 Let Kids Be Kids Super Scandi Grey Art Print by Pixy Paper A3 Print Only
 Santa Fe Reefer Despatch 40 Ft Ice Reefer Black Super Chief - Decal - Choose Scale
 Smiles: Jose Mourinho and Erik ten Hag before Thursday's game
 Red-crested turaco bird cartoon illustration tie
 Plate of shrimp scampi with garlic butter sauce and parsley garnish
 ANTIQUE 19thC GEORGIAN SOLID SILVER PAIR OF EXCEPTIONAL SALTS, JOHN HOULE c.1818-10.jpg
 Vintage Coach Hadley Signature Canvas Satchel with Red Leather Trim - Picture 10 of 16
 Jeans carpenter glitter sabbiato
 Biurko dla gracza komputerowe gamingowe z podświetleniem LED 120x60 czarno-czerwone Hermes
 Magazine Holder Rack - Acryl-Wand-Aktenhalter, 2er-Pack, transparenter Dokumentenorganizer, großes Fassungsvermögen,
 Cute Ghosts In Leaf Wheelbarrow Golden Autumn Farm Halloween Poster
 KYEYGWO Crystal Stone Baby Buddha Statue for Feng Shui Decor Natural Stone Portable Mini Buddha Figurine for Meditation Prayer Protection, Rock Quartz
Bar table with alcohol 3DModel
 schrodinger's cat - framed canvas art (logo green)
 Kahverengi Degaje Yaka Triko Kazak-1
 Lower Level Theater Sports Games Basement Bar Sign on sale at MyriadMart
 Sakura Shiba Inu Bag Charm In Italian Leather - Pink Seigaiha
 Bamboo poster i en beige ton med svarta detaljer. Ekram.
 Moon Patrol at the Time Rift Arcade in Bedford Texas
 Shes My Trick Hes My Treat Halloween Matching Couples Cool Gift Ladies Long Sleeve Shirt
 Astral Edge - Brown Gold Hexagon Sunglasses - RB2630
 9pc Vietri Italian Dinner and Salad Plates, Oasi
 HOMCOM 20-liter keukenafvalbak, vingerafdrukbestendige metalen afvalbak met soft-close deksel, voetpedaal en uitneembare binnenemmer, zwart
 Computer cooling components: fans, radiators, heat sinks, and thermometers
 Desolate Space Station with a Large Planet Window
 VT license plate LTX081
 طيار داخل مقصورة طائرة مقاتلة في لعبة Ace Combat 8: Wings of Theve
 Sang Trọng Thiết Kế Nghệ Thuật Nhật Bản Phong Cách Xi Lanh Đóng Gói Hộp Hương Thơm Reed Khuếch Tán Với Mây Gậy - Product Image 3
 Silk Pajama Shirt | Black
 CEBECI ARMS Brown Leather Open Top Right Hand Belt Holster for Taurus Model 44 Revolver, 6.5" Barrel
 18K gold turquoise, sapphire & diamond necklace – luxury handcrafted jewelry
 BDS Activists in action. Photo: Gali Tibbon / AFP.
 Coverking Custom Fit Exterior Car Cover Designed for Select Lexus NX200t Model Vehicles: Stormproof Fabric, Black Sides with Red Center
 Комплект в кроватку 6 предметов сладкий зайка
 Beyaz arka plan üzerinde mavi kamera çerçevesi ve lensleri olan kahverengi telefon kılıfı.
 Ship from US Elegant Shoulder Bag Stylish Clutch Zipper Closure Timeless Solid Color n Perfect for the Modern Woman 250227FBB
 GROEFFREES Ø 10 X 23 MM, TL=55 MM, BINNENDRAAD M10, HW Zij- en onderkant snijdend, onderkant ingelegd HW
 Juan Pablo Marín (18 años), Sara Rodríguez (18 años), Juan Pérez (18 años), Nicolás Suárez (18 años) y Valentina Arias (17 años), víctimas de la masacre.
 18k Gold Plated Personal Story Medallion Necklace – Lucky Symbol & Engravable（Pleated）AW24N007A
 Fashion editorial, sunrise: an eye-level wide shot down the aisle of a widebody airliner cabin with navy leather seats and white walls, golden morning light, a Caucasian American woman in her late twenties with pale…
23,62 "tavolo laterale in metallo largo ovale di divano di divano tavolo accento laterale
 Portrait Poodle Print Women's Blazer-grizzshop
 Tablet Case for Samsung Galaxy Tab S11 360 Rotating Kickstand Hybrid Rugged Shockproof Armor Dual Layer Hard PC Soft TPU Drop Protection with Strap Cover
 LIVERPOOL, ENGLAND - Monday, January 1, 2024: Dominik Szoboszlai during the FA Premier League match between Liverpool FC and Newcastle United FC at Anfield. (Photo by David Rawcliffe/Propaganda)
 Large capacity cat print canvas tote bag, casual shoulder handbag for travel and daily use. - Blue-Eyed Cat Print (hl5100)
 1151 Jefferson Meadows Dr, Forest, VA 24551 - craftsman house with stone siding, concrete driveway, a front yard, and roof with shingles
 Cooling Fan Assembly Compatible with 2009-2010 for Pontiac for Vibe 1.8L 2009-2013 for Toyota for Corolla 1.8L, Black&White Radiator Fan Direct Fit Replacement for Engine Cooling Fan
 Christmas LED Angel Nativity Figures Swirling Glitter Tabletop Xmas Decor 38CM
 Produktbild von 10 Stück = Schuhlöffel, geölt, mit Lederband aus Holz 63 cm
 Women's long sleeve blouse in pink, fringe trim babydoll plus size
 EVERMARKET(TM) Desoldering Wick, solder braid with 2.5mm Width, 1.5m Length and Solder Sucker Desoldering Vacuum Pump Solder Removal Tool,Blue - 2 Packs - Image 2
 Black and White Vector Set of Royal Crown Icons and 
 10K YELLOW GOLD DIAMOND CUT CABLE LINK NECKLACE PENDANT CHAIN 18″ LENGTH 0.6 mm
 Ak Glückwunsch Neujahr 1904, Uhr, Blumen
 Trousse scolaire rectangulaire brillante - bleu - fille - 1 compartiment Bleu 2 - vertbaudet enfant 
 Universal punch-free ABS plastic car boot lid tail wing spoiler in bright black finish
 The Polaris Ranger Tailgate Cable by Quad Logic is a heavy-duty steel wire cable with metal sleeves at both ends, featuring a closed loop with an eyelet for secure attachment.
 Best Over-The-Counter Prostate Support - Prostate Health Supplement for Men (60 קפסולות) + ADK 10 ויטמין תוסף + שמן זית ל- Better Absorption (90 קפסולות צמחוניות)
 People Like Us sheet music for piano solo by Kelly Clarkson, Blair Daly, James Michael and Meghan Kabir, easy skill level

==*==

**Problem details**
Retype the data exactly.

**Finished task**
 Let Kids Be Kids Super Scandi Grey Art Print by Pixy Paper A3 Print Only
 Santa Fe Reefer Despatch 40 Ft Ice Reefer Black Super Chief - Decal - Choose Scale
 Smiles: Jose Mourinho and Erik ten Hag before Thursday's game
 Red-crested turaco bird cartoon illustration tie
 Plate of shrimp scampi with garlic butter sauce and parsley garnish
 ANTIQUE 19thC GEORGIAN SOLID SILVER PAIR OF EXCEPTIONAL SALTS, JOHN HOULE c.1818-10.jpg
 Vintage Coach Hadley Signature Canvas Satchel with Red Leather Trim - Picture 10 of 16
 Jeans carpenter glitter sabbiato
 Biurko dla gracza komputerowe gamingowe z podświetleniem LED 120x60 czarno-czerwone Hermes
 Magazine Holder Rack - Acryl-Wand-Aktenhalter, 2er-Pack, transparenter Dokumentenorganizer, großes Fassungsvermögen,
 Cute Ghosts In Leaf Wheelbarrow Golden Autumn Farm Halloween Poster
 KYEYGWO Crystal Stone Baby Buddha Statue for Feng Shui Decor Natural Stone Portable Mini Buddha Figurine for Meditation Prayer Protection, Rock Quartz
Bar table with alcohol 3DModel
 schrodinger's cat - framed canvas art (logo green)
 Kahverengi Degaje Yaka Triko Kazak-1
 Lower Level Theater Sports Games Basement Bar Sign on sale at MyriadMart
 Sakura Shiba Inu Bag Charm In Italian Leather - Pink Seigaiha
 Bamboo poster i en beige ton med svarta detaljer. Ekram.
 Moon Patrol at the Time Rift Arcade in Bedford Texas
 Shes My Trick Hes My Treat Halloween Matching Couples Cool Gift Ladies Long Sleeve Shirt
 Astral Edge - Brown Gold Hexagon Sunglasses - RB2630
 9pc Vietri Italian Dinner and Salad Plates, Oasi
 HOMCOM 20-liter keukenafvalbak, vingerafdrukbestendige metalen afvalbak met soft-close deksel, voetpedaal en uitneembare binnenemmer, zwart
 Computer cooling components: fans, radiators, heat sinks, and thermometers
 Desolate Space Station with a Large Planet Window
 VT license plate LTX081
 طيار داخل مقصورة طائرة مقاتلة في لعبة Ace Combat 8: Wings of Theve
 Sang Trọng Thiết Kế Nghệ Thuật Nhật Bản Phong Cách Xi Lanh Đóng Gói Hộp Hương Thơm Reed Khuếch Tán Với Mây Gậy - Product Image 3
 Silk Pajama Shirt | Black
 CEBECI ARMS Brown Leather Open Top Right Hand Belt Holster for Taurus Model 44 Revolver, 6.5" Barrel
 18K gold turquoise, sapphire & diamond necklace – luxury handcrafted jewelry
 BDS Activists in action. Photo: Gali Tibbon / AFP.
 Coverking Custom Fit Exterior Car Cover Designed for Select Lexus NX200t Model Vehicles: Stormproof Fabric, Black Sides with Red Center
 Комплект в кроватку 6 предметов сладкий зайка
 Beyaz arka plan üzerinde mavi kamera çerçevesi ve lensleri olan kahverengi telefon kılıfı.
 Ship from US Elegant Shoulder Bag Stylish Clutch Zipper Closure Timeless Solid Color n Perfect for the Modern Woman 250227FBB
 GROEFFREES Ø 10 X 23 MM, TL=55 MM, BINNENDRAAD M10, HW Zij- en onderkant snijdend, onderkant ingelegd HW
 Juan Pablo Marín (18 años), Sara Rodríguez (18 años), Juan Pérez (18 años), Nicolás Suárez (18 años) y Valentina Arias (17 años), víctimas de la masacre.
 18k Gold Plated Personal Story Medallion Necklace – Lucky Symbol & Engravable（Pleated）AW24N007A
 Fashion editorial, sunrise: an eye-level wide shot down the aisle of a widebody airliner cabin with navy leather seats and white walls, golden morning light, a Caucasian American woman in her late twenties with pale…
23,62 "tavolo laterale in metallo largo ovale di divano di divano tavolo accento laterale
 Portrait Poodle Print Women's Blazer-grizzshop
 Tablet Case for Samsung Galaxy Tab S11 360 Rotating Kickstand Hybrid Rugged Shockproof Armor Dual Layer Hard PC Soft TPU Drop Protection with Strap Cover
 LIVERPOOL, ENGLAND - Monday, January 1, 2024: Dominik Szoboszlai during the FA Premier League match between Liverpool FC and Newcastle United FC at Anfield. (Photo by David Rawcliffe/Propaganda)
 Large capacity cat print canvas tote bag, casual shoulder handbag for travel and daily use. - Blue-Eyed Cat Print (hl5100)
 1151 Jefferson Meadows Dr, Forest, VA 24551 - craftsman house with stone siding, concrete driveway, a front yard, and roof with shingles
 Cooling Fan Assembly Compatible with 2009-2010 for Pontiac for Vibe 1.8L 2009-2013 for Toyota for Corolla 1.8L, Black&White Radiator Fan Direct Fit Replacement for Engine Cooling Fan
 Christmas LED Angel Nativity Figures Swirling Glitter Tabletop Xmas Decor 38CM
 Produktbild von 10 Stück = Schuhlöffel, geölt, mit Lederband aus Holz 63 cm
 Women's long sleeve blouse in pink, fringe trim babydoll plus size
 EVERMARKET(TM) Desoldering Wick, solder braid with 2.5mm Width, 1.5m Length and Solder Sucker Desoldering Vacuum Pump Solder Removal Tool,Blue - 2 Packs - Image 2
 Black and White Vector Set of Royal Crown Icons and 
 10K YELLOW GOLD DIAMOND CUT CABLE LINK NECKLACE PENDANT CHAIN 18″ LENGTH 0.6 mm
 Ak Glückwunsch Neujahr 1904, Uhr, Blumen
 Trousse scolaire rectangulaire brillante - bleu - fille - 1 compartiment Bleu 2 - vertbaudet enfant 
 Universal punch-free ABS plastic car boot lid tail wing spoiler in bright black finish
 The Polaris Ranger Tailgate Cable by Quad Logic is a heavy-duty steel wire cable with metal sleeves at both ends, featuring a closed loop with an eyelet for secure attachment.
 Best Over-The-Counter Prostate Support - Prostate Health Supplement for Men (60 קפסולות) + ADK 10 ויטמין תוסף + שמן זית ל- Better Absorption (90 קפסולות צמחוניות)
 People Like Us sheet music for piano solo by Kelly Clarkson, Blair Daly, James Michael and Meghan Kabir, easy skill level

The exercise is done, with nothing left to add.